Это слабость, а не сила. Это уступка террору. На Ближнем Востоке и в Ираке Америка и ее союзники предлагают террористам мученичество (к которому те стремятся), убивая их семьи и бомбя их поселения. Сочувствующих сажают в тюрьму без суда. Дома движущую силу террора - общественное мнение - кормят постоянными угрозами и ограничениями свободы.
Подобная слабость - ужасная политика умиротворения. Она льстит террористам чрезмерными мерами безопасности на двух континентах. Растут траты на оружие, охрану, укрепления и страховки. Ведутся войны в Афганистане и Ираке. Однако миллиарды долларов не вытеснили бен Ладена с пуштунских территорий, зато сделали Ирак самым беззаконным местом на земле. Солдаты-наемники террора восхваляются на футболках в половине мира. Ни один человек в здравом уме не скажет, что мир в итоге стал безопаснее.
Так каков же может быть "сильный" ответ? Конечно, сам факт вступления в битву означает отказ от уступок требованиям террора, независимо от того, в чем вопрос - в чеченском заключенном или в хиджабе во французских школах. Однако сильный ответ предполагает отношение к подобным битвам как к болезни, как к симптомам заболевания, излечение которого - в излечении обид и конфликтов, которые не разрешит ни одна война, только политика. Буш прав, говоря, что подобных преступников, возможно, никогда не победить.
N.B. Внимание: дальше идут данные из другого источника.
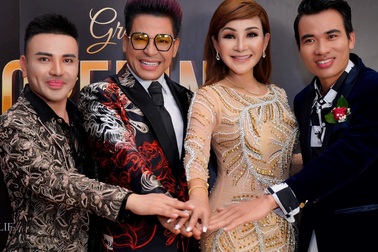 Người đẹp chuyển giới đầu tiên của Việt Nam – Cát Tuyền hội ngộ Lâm Khánh Chi, Cindy Thái Tài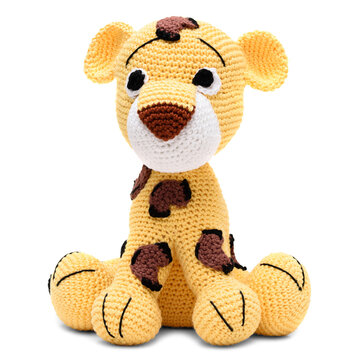 On&ccedil;a pintada de pel&uacute;cia feito com a t&eacute;cnica de amigurumi nas cores amarelo, branco e marrom.	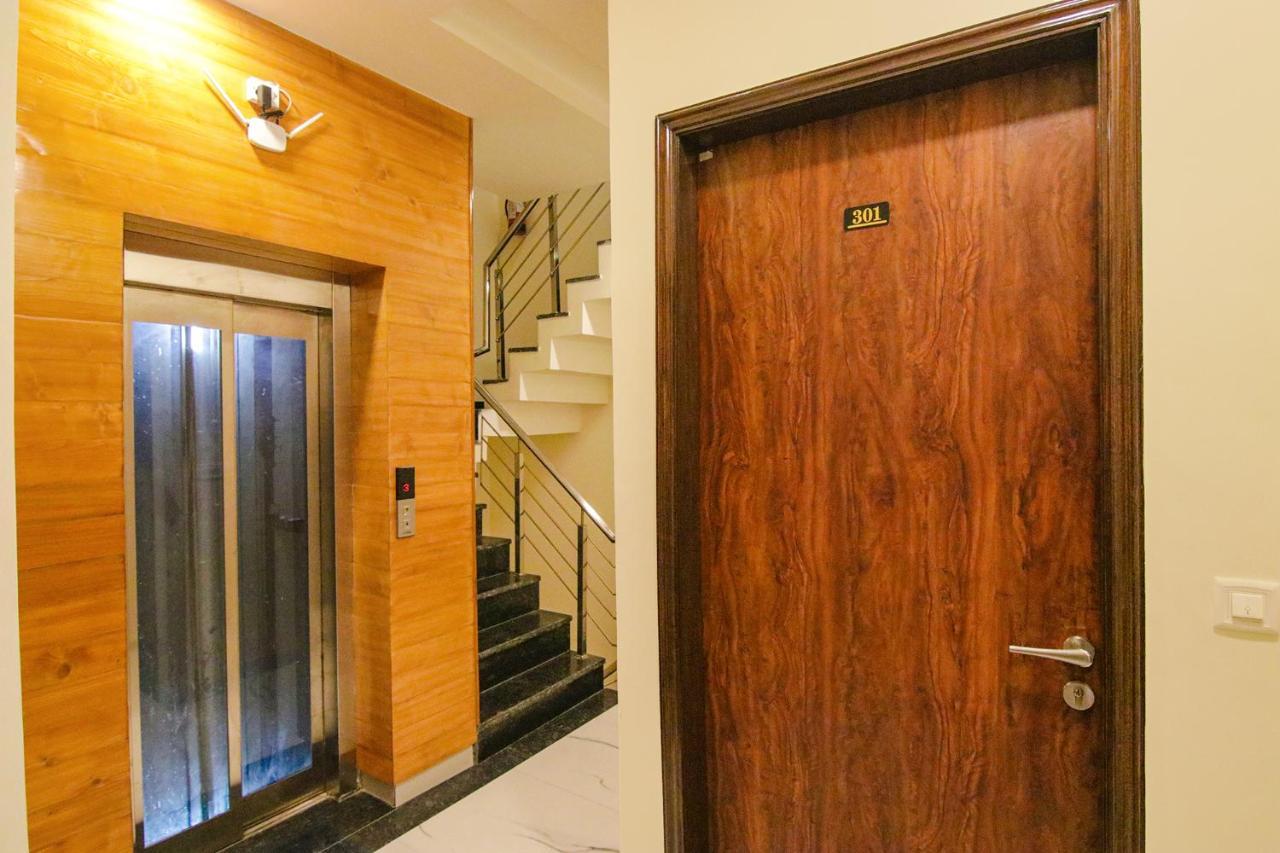 Fabhotel Aryan Grand Amritsar Buitenkant foto
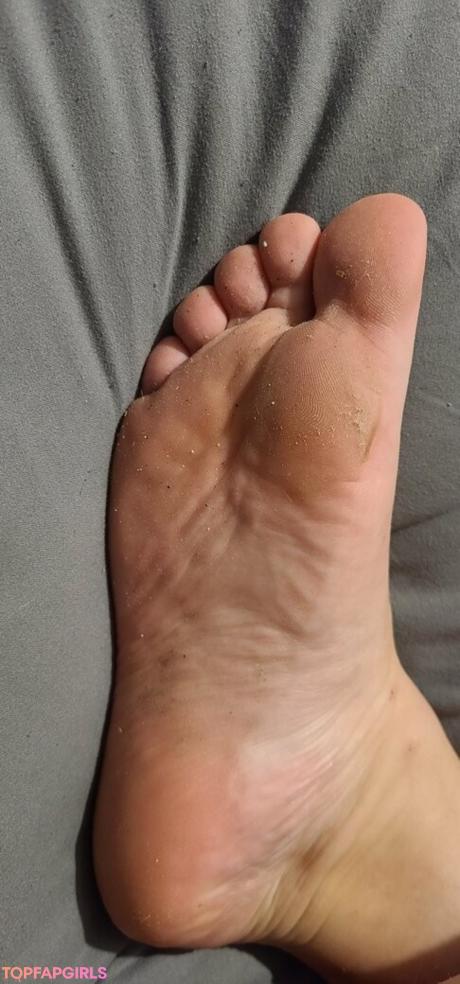 Smelliefeetsweetie nude leaked OnlyFans photo #18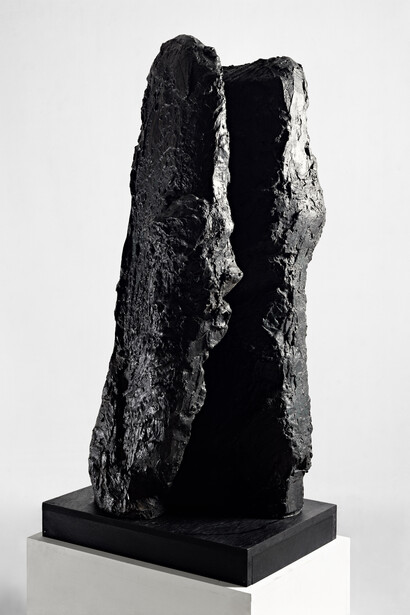 Per Kirkeby (* 1938), "Laeso - Kopf III", 1983, Bronze, 114 x 43 x 60 cm, Courtesy: Daniel Blau Munich/London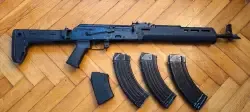 Sprzedam karabin Akm z Iżewska magpul celny!!! Z 4 magazynkami, w dobrym stanie.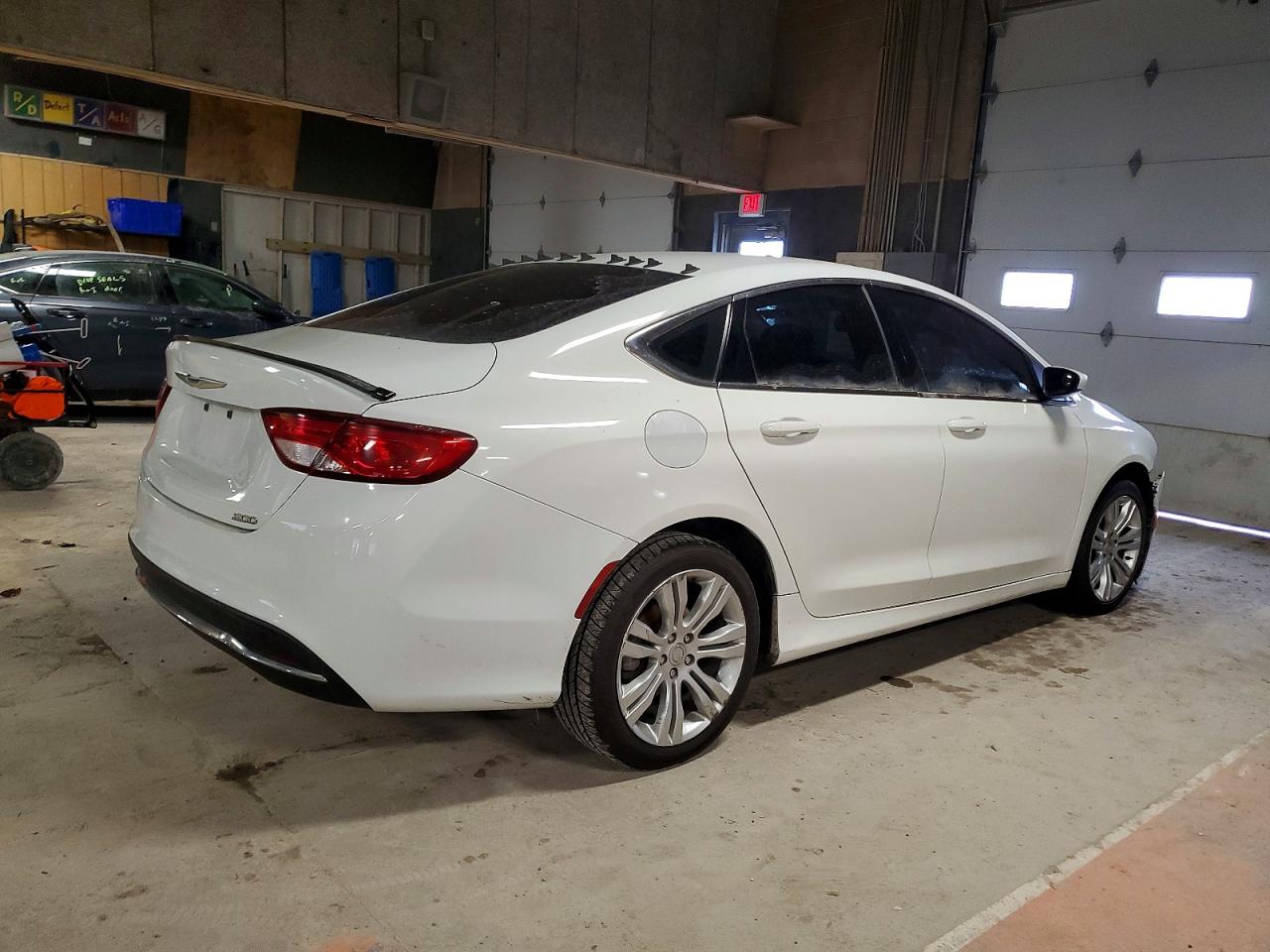 2015 CHRYSLER 200 photo 7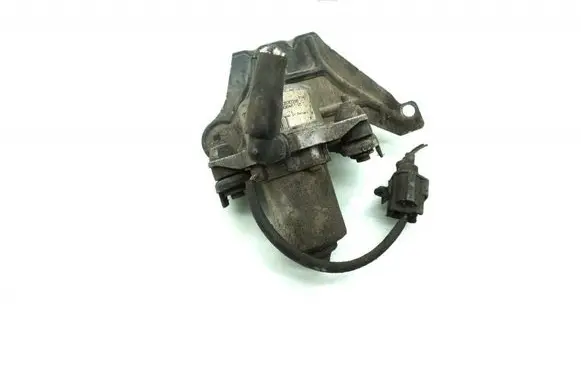 Volvo V70 Vacuum pump 30630398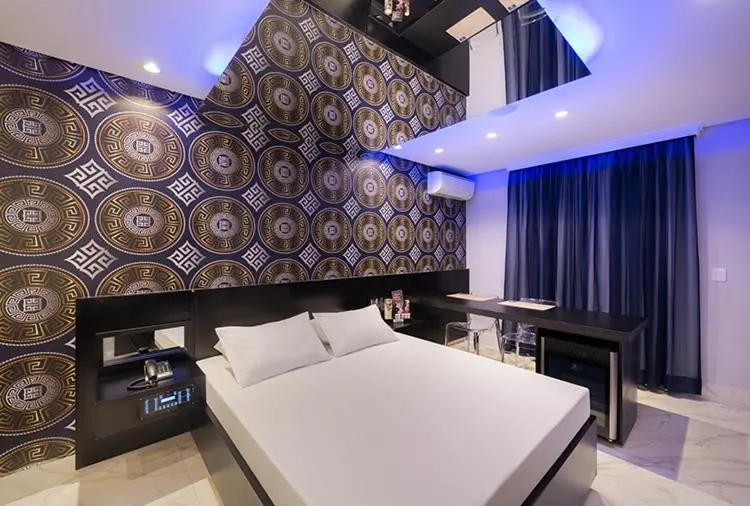 Suite with Pool, Azure Motel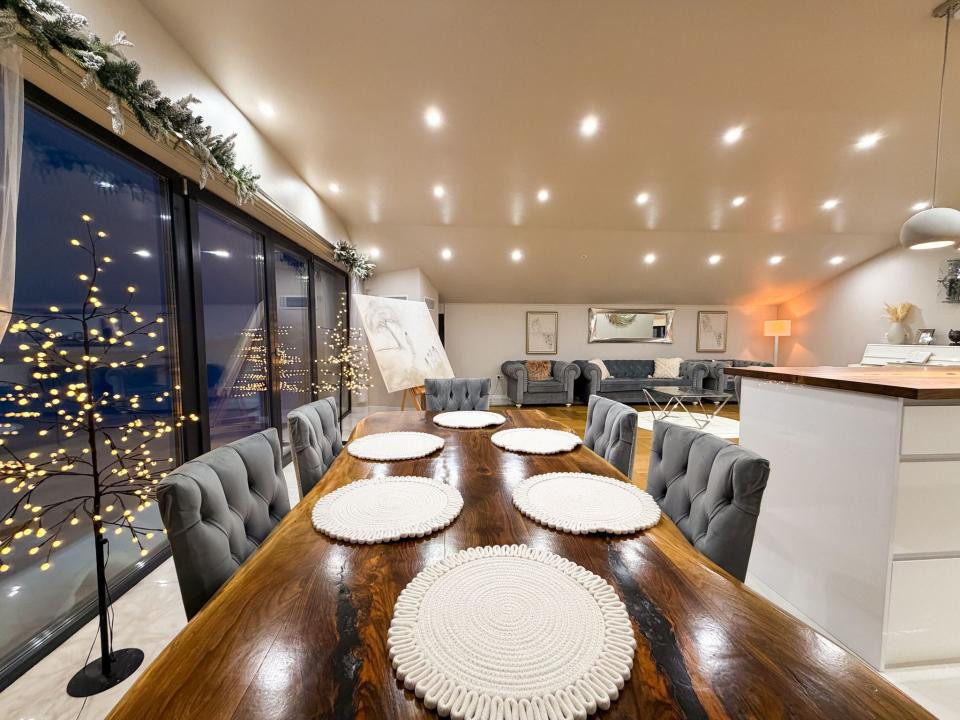 Casa individuala , 280 mp utili+ 1.000 mp de teren, FELEACU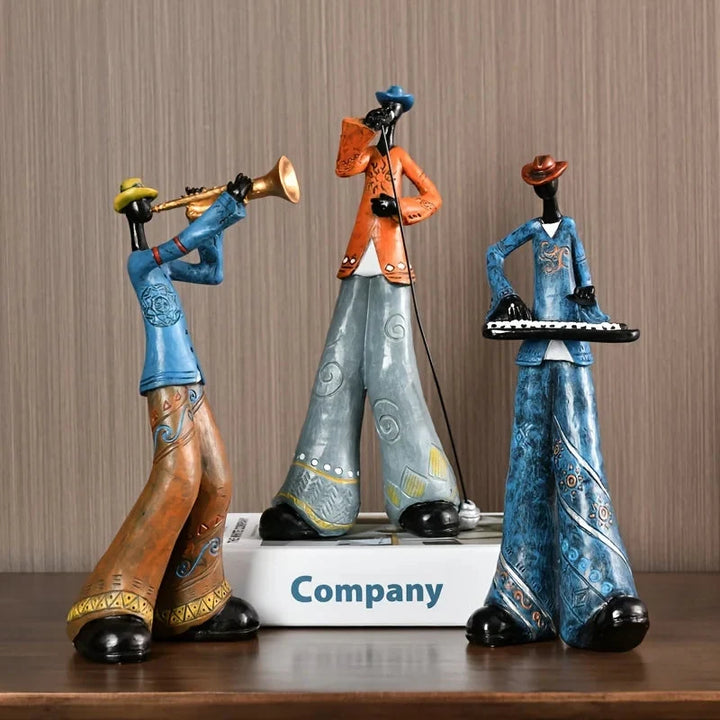 Figurka pianisty jazzowego retro. Muzyk przy fortepianie, stylowa dekoracja vintage.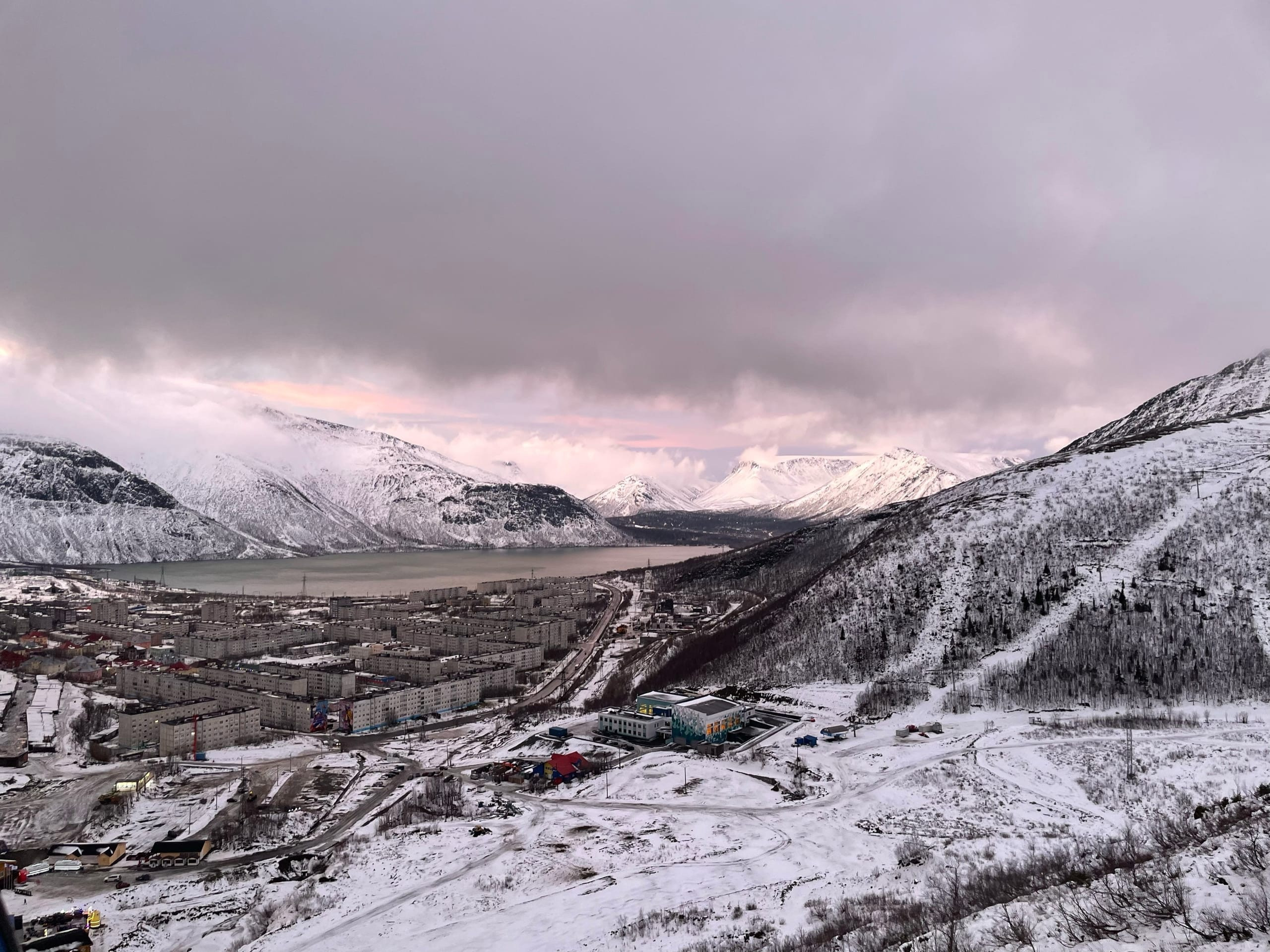 Гора Айкуайвенчорр Мурманская область. Гора Айкуайвенчорр Мурманская область фото. Гора Вудъяврчорр. Лавина в Хибинах.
Он только не добавил, что это верно лишь в том случае, если причины, которые их питают, сохранятся. В конце концов, это значит, что Запад давит на Путина в Чечне, однако сам игнорирует то же самое на Ближнем Востоке и в Ираке. Насколько провалы других очевиднее!
Действительно сильным ответом на террор в Беслане стала бы попытка сделать так, чтобы Москву полюбили в Грозном. И это был бы насколько же сильный ответ, как и попытка сделать так, чтобы Америку любили, а не ненавидели в арабском мире. Но это задача для смелого и ловкого управления государственными делами, а не для солдат. Террористов нельзя изображать крестоносцами, нацеленными на глобальное господство, они - наемники, и не более того. Разрешения требуют причины, а причины редко поддаются военной силе.
Разбираться с преступниками, какими бы фанатичными они ни были, это дело полиции и служб безопасности. Для меня нет никакой проблемы в том, если агент убьет гангстера прежде, чем тот сможет убить меня. Я принимаю тот факт, что теракты-самоубийства могут требовать упреждающей безопасности. Однако бомбист всегда прорвется - рано или поздно. Лондонцы знают это очень хорошо. Когда это происходит, к жертвам должны относиться как к жертвам любого трагичного инцидента, как к тем, кому отчаянно не повезло. Их судьба не может оправдать сворачивание демократии.
Правда в том, что быть действительно жесткими в отношении террора - скучно. Потакать ему дурной славой и разговорами о войне - эффектно и популярно. И это величайший из всех рисков.